For now, OTPs are still a valid way for consumers to authenticate themselves and the transactions they wish to complete.
But OTPs, he told PYMNTS in an interview, are increasingly being targeted by fraudsters.
“Man-in-the-middle attacks can easily defeat one-time passcodes,” said Esser, noting emails sent with innocuous-seeming links can lure unwitting recipients to click and give hackers entrance to communications and back-office systems — and they can go on to impersonate banking executives, chief financial officers or IRS officers.
And for the consumer, said Esser, “You’re receiving a text message from your bank … you click that link, and in all reality, you’re actually navigating to a fraudster site.”
The fraudster takes the username and password, shifts to the banking site, sends an OTP requesting authentication, and then gains full access to the accounts.
We’re moving bit by bit away from OTPs and other “traditional” means of authentication — a pivot that will be determined, at least in the near term, on a market-by-market basis.
Data sharing is paramount, Esser said.
“If we don’t do it, then we’re going to be stuck in a negative infinity loop that just keeps on going … until the marketplace puts its hands up and says, ‘All right, we have to make an adjustment.’”
There has been some roadmap made with the likes of PSD2. He added, “we’re moving in the right direction, across the globe, with regulations changing” and with marketplaces and financial institutions (FIs) better understanding who their cardholders are — and aren’t — through the use of data and behavioral biometrics.

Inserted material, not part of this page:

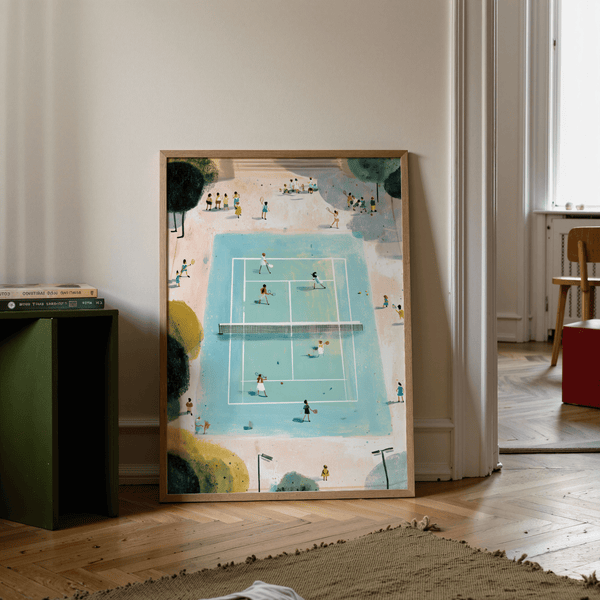 Central Tennis Game Art Print showing a top-down court with net and players in motion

The shift toward harnessing data and behavioral biometrics has hit some stumbling blocks because some smaller FIs, including credit unions, don’t have the budget or the staff on hand to upgrade their technology, Esser said. But partnering with providers and platforms can ease the transition and minimize dependency on OTPs delivered via mobile SMS and email, and create a better consumer experience.

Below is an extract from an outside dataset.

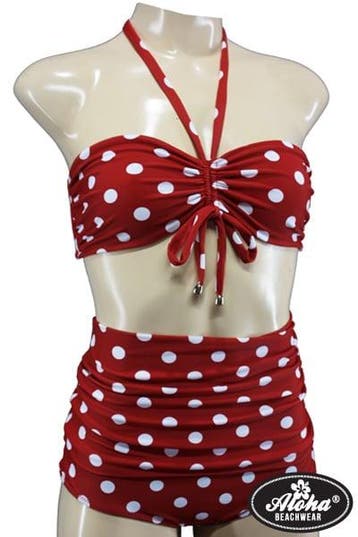 Aloha Beachwear, Bandeau Bikini Red Dots Vintage High Waist, Kleding | Dames, Verzenden, Nieuw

No matter the approach the FI takes, said Esser, “the focus should really be on how the cardholder normally authenticates themselves instead of introducing a new solution that the customer might even think is fraud. Then they call the bank, and the bank’s call center volume goes up,” and operational expenses rise too.
Banking technology providers are proving adept at making a range of solutions available to serve those purposes — and to convey proper communication to cardholders and customers that there are other ways of authenticating themselves, he added. There’s room for continued inroads to be made with 3DS, as merchants and FIs can look at robust data streams at the pre-authorization stage to gauge risk in near real time.
“We’re seeing these merchants and financial institutions work together with the new versions of EMV 3DS, sharing information” that can authenticate users in a frictionless way — or step up that friction on an as-needed basis, he said.
Linking better behavioral analytics and risk decisioning has the positive ripple effect of sending more “good” transactions through the commerce ecosystem, he added.
“We’re all angling to identify the right mix,” he concluded, referring to the marriage between technology and risk-based decision-making.